Le blocus de Cuba est effectif. A l’heure où nous écrivons, on attend la rencontre des cargos russes et des patrouilleurs américains. La situation a donc pris un tour aigu sur la gravité de laquelle on s’accorde. Pour l’avenir, la réponse est simple : ou bien Krouchtchev, contre tout bon sens, a décidé de sauter le pas, et les Etats-Unis ne pouvant reculer le conflit suivra son cours ; ou bien, ce qui paraît probable sinon certain, Krouchtchev sait qu’il demeure maître de la situation quel que soit le degré de tension qu’atteindra la crise. Au moment le plus critique, il pourra toujours l’arrêter et s’en attribuer le mérite.
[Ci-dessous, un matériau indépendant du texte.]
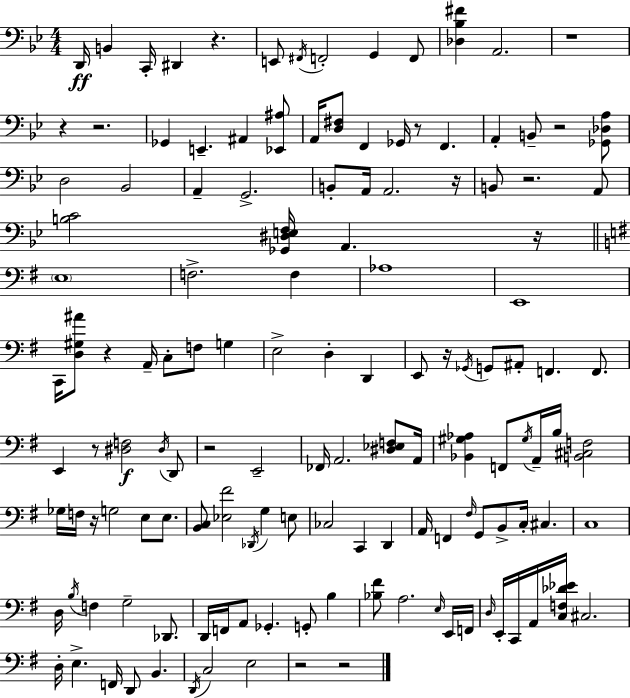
D2/s B2/q C2/s D#2/q R/q. E2/e F#2/s F2/h G2/q F2/e [Db3,Bb3,F#4]/q A2/h. R/w R/q R/h. Gb2/q E2/q. A#2/q [Eb2,A#3]/e A2/s [D3,F#3]/e F2/q Gb2/s R/e F2/q. A2/q B2/e R/h [Gb2,Db3,A3]/e D3/h Bb2/h A2/q G2/h. B2/e A2/s A2/h. R/s B2/e R/h. A2/e [B3,C4]/h [Gb2,D#3,E3,F3]/s A2/q. R/s E3/w F3/h. F3/q Ab3/w E2/w C2/s [D3,G#3,A#4]/e R/q A2/s C3/e F3/e G3/q E3/h D3/q D2/q E2/e R/s Gb2/s G2/e A#2/e F2/q. F2/e. E2/q R/e [D#3,F3]/h D#3/s D2/e R/h E2/h FES2/s A2/h. [D#3,Eb3,F3]/e A2/s [Bb2,G#3,Ab3]/q F2/e G#3/s A2/s B3/s [B2,C#3,F3]/h Gb3/s F3/s R/s G3/h E3/e E3/e. [B2,C3]/e [Eb3,F#4]/h Db2/s G3/q E3/e CES3/h C2/q D2/q A2/s F2/q F#3/s G2/e B2/e C3/s C#3/q. C3/w D3/s B3/s F3/q G3/h Db2/e. D2/s F2/s A2/e Gb2/q. G2/e B3/q [Bb3,F#4]/e A3/h. E3/s E2/s F2/s D3/s E2/s C2/s A2/s [C3,F3,Db4,Eb4]/s C#3/h. D3/s E3/q. F2/s D2/e B2/q. D2/s C3/h E3/h R/h R/h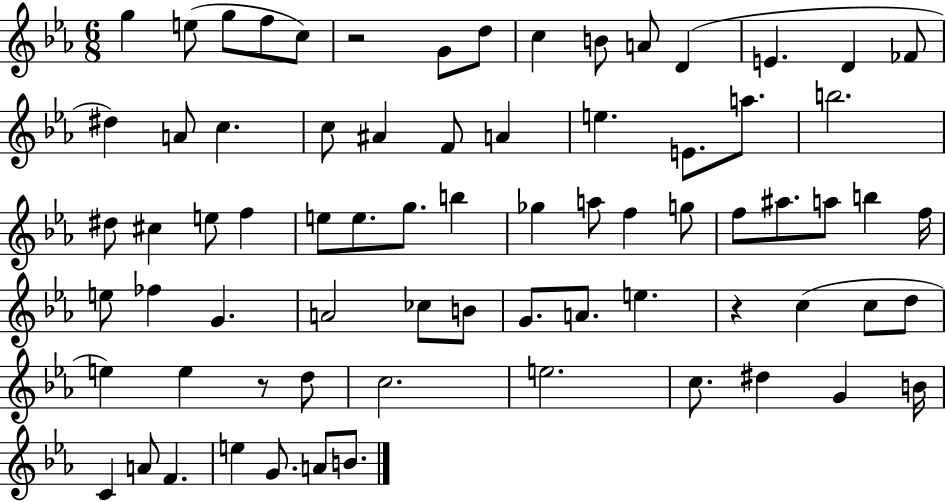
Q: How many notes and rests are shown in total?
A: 73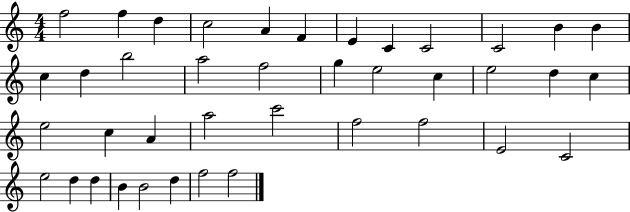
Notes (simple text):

F5/h F5/q D5/q C5/h A4/q F4/q E4/q C4/q C4/h C4/h B4/q B4/q C5/q D5/q B5/h A5/h F5/h G5/q E5/h C5/q E5/h D5/q C5/q E5/h C5/q A4/q A5/h C6/h F5/h F5/h E4/h C4/h E5/h D5/q D5/q B4/q B4/h D5/q F5/h F5/h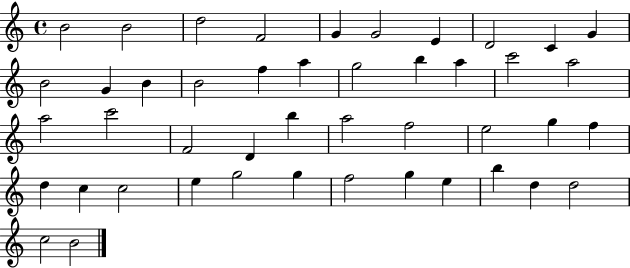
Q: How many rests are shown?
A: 0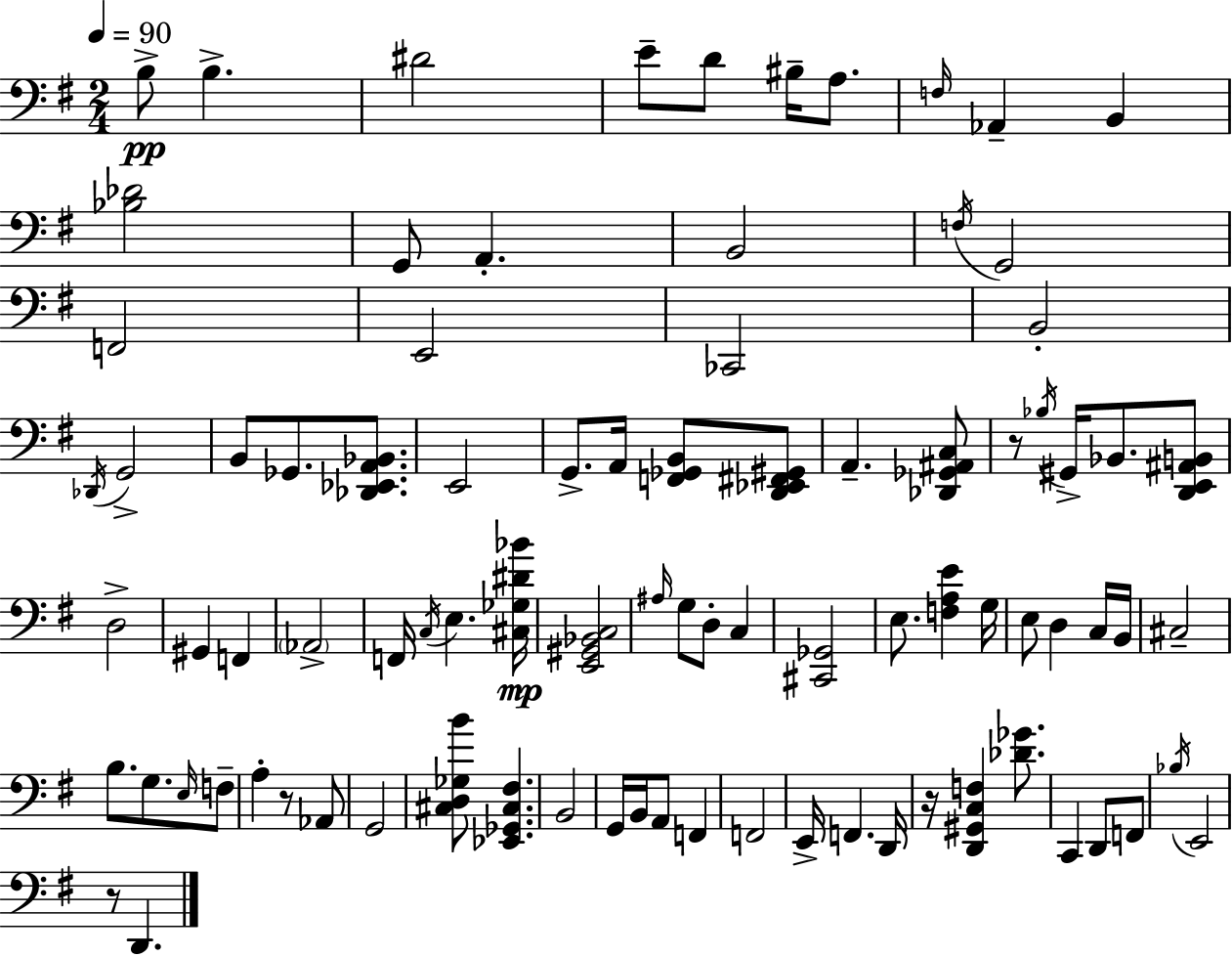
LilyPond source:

{
  \clef bass
  \numericTimeSignature
  \time 2/4
  \key g \major
  \tempo 4 = 90
  \repeat volta 2 { b8->\pp b4.-> | dis'2 | e'8-- d'8 bis16-- a8. | \grace { f16 } aes,4-- b,4 | \break <bes des'>2 | g,8 a,4.-. | b,2 | \acciaccatura { f16 } g,2 | \break f,2 | e,2 | ces,2 | b,2-. | \break \acciaccatura { des,16 } g,2-> | b,8 ges,8. | <des, ees, a, bes,>8. e,2 | g,8.-> a,16 <f, ges, b,>8 | \break <d, ees, fis, gis,>8 a,4.-- | <des, ges, ais, c>8 r8 \acciaccatura { bes16 } gis,16-> bes,8. | <d, e, ais, b,>8 d2-> | gis,4 | \break f,4 \parenthesize aes,2-> | f,16 \acciaccatura { c16 } e4. | <cis ges dis' bes'>16\mp <e, gis, bes, c>2 | \grace { ais16 } g8 | \break d8-. c4 <cis, ges,>2 | e8. | <f a e'>4 g16 e8 | d4 c16 b,16 cis2-- | \break b8. | g8. \grace { e16 } f8-- a4-. | r8 aes,8 g,2 | <cis d ges b'>8 | \break <ees, ges, cis fis>4. b,2 | g,16 | b,16 a,8 f,4 f,2 | e,16-> | \break f,4. d,16 r16 | <d, gis, c f>4 <des' ges'>8. c,4 | d,8 f,8 \acciaccatura { bes16 } | e,2 | \break r8 d,4. | } \bar "|."
}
Il n’a pas comme Kennedy d’opinion à ménager ; le recul tactique figure dans les instructions de Lénine lorsqu’il y a péril à aller plus loin.
C’est dans cette conviction que les Américains estiment enfin le moment venu de passer à l’offensive. Ils en ont mesuré les risques qui sont grands, mais pas tels qu’il faille céder encore, ce qui, comme l’expérience l’a prouvé, ne sert de rien. De plus, Kennedy a reçu l’appui formel de tous les membres de l’organisation des Etats américains. Ce succès lui assure une autorité morale considérable.
Les mobiles soviétiques
Il n’est pas difficile de déceler les raisons qui ont déterminé Krouchtchev à abandonner la ligne de coexistence pacifique sur laquelle il s’était engagé. Cette politique reposait sur l’idée exprimée par le XXII° Congrès du parti, que l’U.R.S.S. rattraperait un jour l’Amérique. Ce slogan a disparu des résolutions de cette année. Le public n’y croit plus. On n’ose plus le répéter. On a dû augmenter le prix des denrées alimentaires ; un mois après la récolte on fait déjà la queue pour se procurer des pommes de terre ; l’industrie, faute de capitaux dévorés par la course aux armements et à l’espace, ralentit son rythme d’expansion. Celui de l’Occident s’est accéléré et on a remarqué qu’au cours des discussions de Moscou sur le Marché Commun, les économistes communistes ont dû le reconnaître. Et puis il y a le schisme albanais et chinois ; l’influence de la doctrine sur le tiers monde est en recul marqué. On l’a vu au Festival de la Jeunesse d’Helsinki. L’aide aux sous-développés est maigre, les satellites sont mécontents. Les masses soviétiques récriminent. Des révoltes sanglantes ont même éclaté en Ukraine.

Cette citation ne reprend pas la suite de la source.